=== Data supplied ===
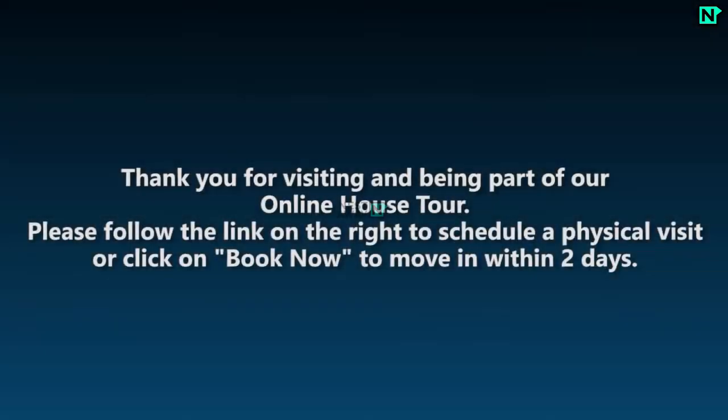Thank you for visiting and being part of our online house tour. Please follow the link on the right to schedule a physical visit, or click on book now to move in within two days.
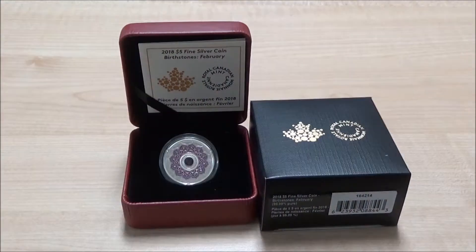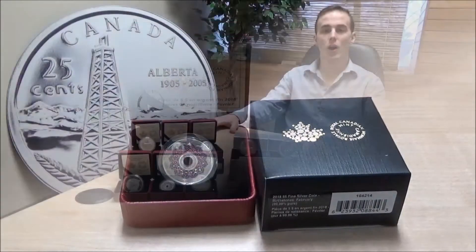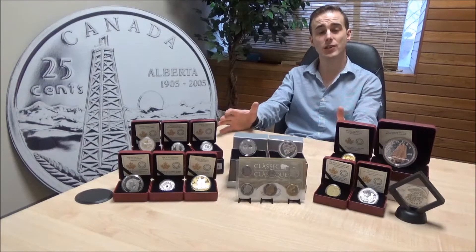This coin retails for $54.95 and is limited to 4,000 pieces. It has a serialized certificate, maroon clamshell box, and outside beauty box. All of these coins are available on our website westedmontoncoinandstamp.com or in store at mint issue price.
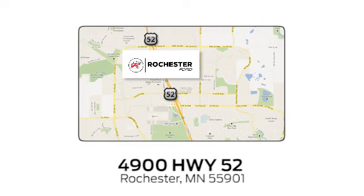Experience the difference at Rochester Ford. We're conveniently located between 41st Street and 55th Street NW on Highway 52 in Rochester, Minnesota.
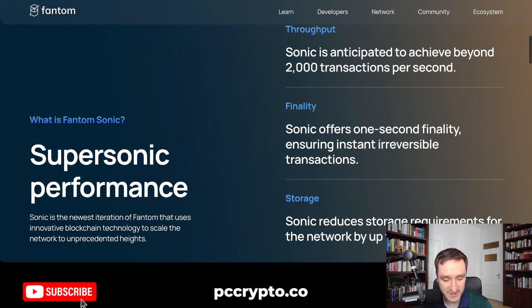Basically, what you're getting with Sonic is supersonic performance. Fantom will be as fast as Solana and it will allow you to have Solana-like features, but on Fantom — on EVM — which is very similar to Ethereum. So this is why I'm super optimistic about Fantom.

--

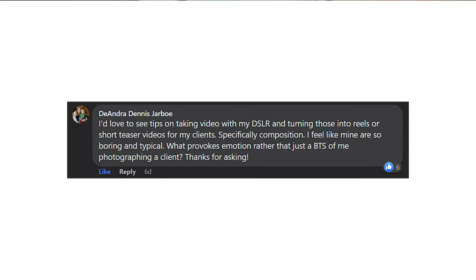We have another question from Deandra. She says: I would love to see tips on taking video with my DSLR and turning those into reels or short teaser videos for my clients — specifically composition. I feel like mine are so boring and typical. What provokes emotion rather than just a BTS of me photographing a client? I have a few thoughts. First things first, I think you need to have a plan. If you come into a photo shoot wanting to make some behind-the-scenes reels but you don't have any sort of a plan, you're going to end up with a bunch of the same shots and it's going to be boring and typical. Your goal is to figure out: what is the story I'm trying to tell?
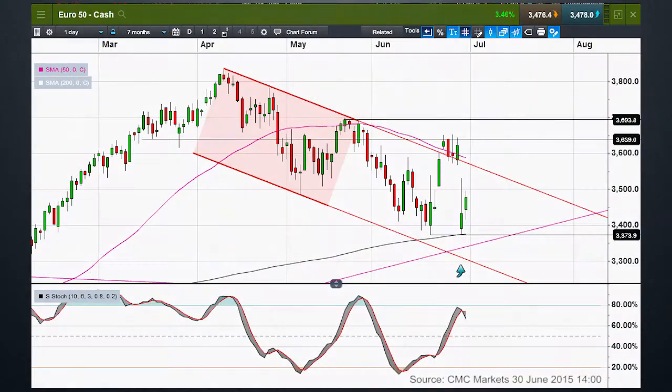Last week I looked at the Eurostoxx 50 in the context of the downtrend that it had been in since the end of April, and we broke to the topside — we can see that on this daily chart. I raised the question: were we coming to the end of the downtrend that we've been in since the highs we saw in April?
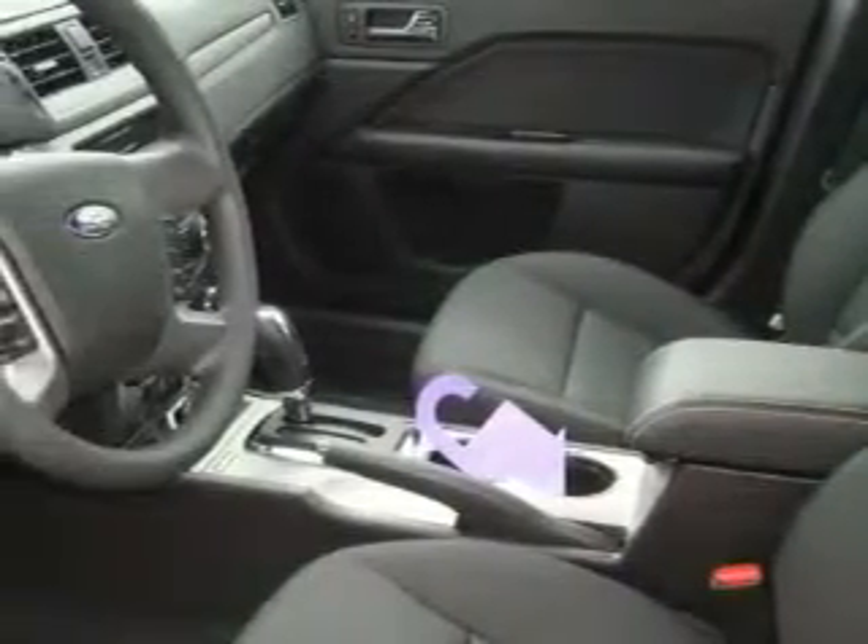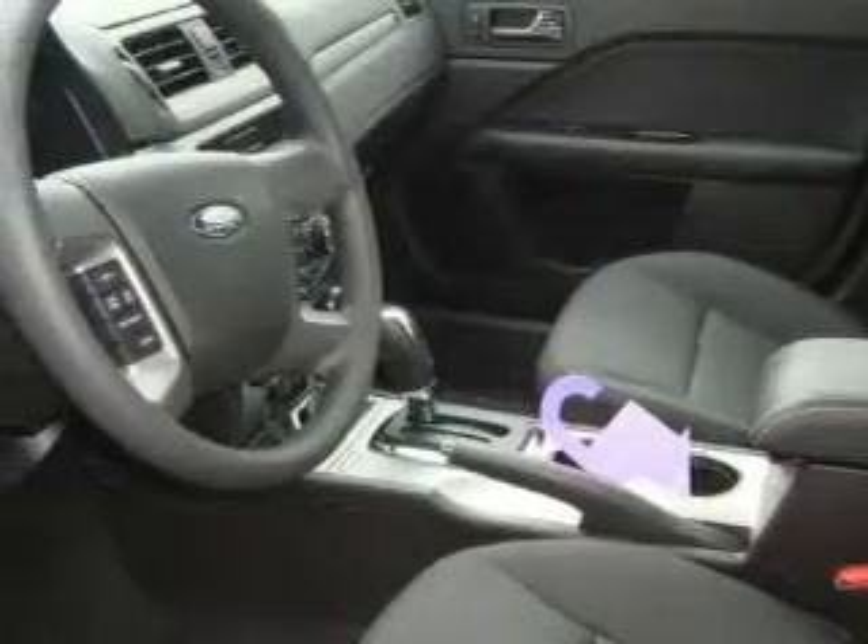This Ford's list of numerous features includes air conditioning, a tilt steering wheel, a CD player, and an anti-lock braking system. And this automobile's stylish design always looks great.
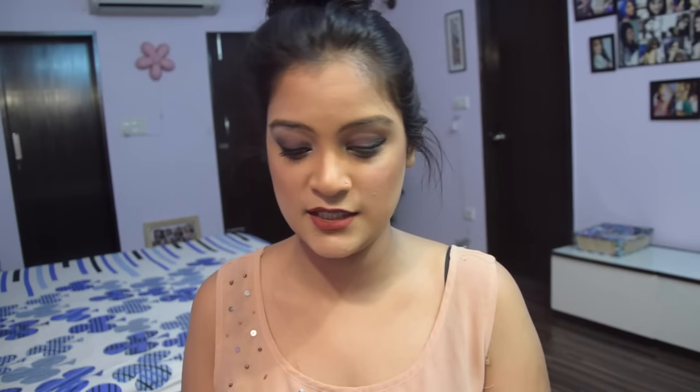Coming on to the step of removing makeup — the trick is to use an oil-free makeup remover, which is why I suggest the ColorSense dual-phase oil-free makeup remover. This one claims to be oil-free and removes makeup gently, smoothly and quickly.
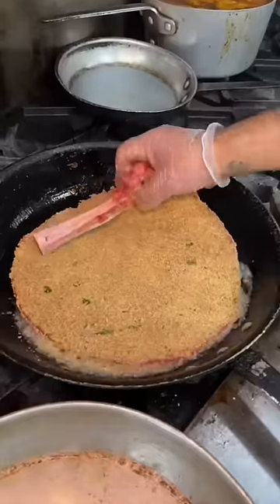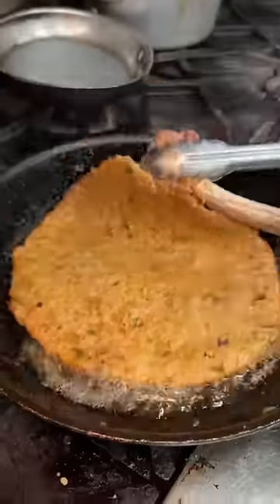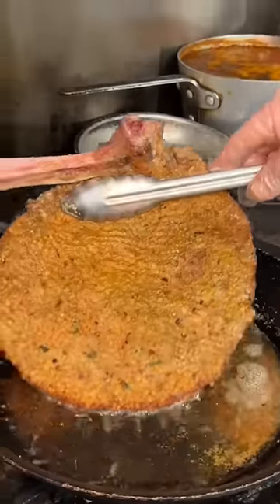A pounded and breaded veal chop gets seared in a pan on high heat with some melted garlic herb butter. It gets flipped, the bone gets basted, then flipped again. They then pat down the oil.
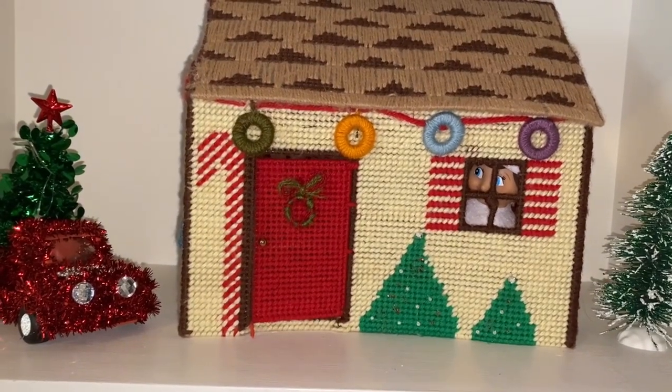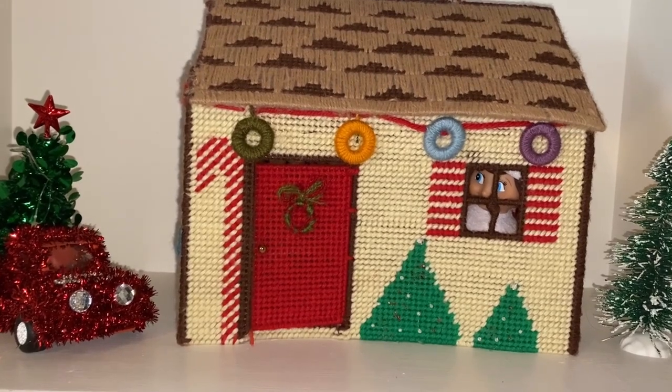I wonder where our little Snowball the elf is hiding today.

...

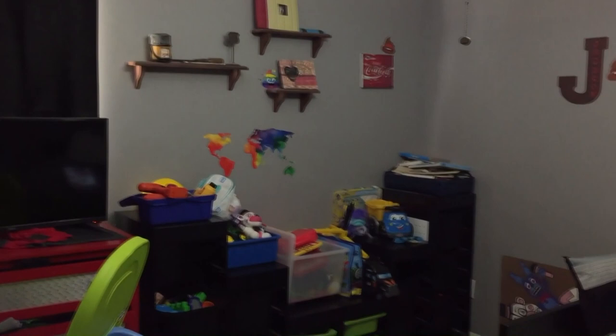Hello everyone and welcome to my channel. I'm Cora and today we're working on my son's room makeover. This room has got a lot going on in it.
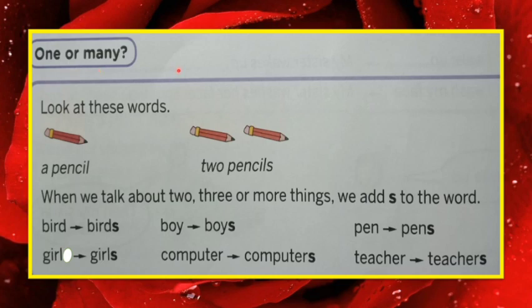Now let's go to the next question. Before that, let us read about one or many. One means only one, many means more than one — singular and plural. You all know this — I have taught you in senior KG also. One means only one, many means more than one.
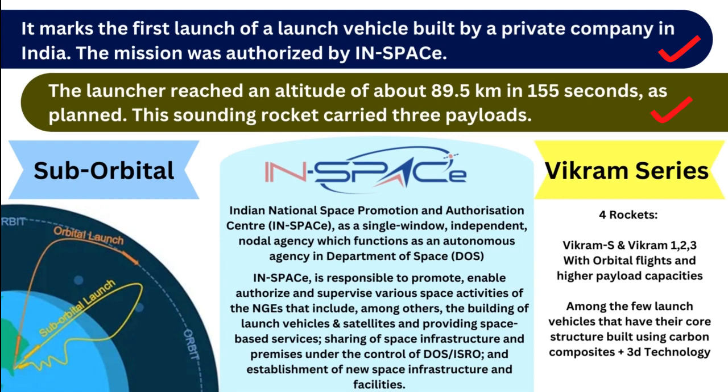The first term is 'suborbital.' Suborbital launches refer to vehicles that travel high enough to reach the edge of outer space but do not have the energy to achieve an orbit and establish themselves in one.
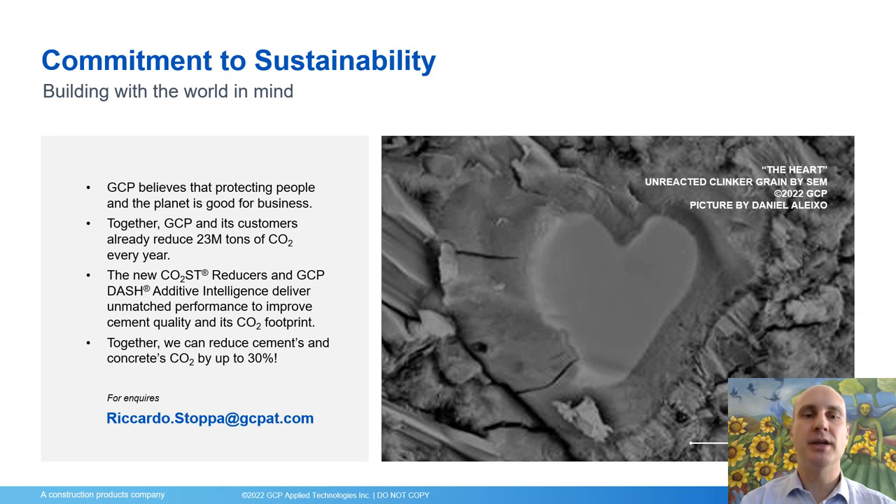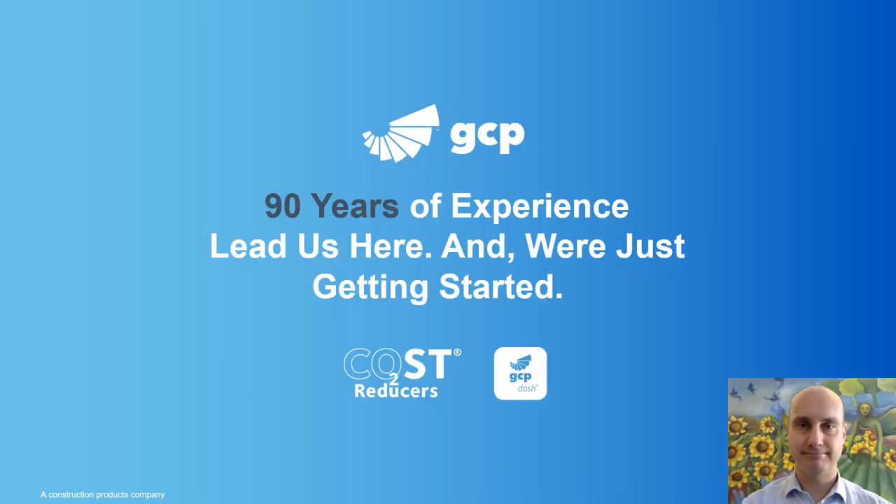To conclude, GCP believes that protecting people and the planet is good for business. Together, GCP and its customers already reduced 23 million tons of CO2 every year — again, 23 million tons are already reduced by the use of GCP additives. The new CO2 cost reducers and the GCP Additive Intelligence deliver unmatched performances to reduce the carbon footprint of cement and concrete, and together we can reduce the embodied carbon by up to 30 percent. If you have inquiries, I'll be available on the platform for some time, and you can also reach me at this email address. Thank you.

=== Requirement ===
Return word for word the lines of the listing above, starting at the line with "Coming on to" and ending at the line with "I wonder where", both included. Pictures do not belong in the copy.

=== Result of the exercise ===
Coming on to the step of removing makeup — the trick is to use an oil-free makeup remover, which is why I suggest the ColorSense dual-phase oil-free makeup remover. This one claims to be oil-free and removes makeup gently, smoothly and quickly.
A pounded and breaded veal chop gets seared in a pan on high heat with some melted garlic herb butter. It gets flipped, the bone gets basted, then flipped again. They then pat down the oil.
I wonder where our little Snowball the elf is hiding today.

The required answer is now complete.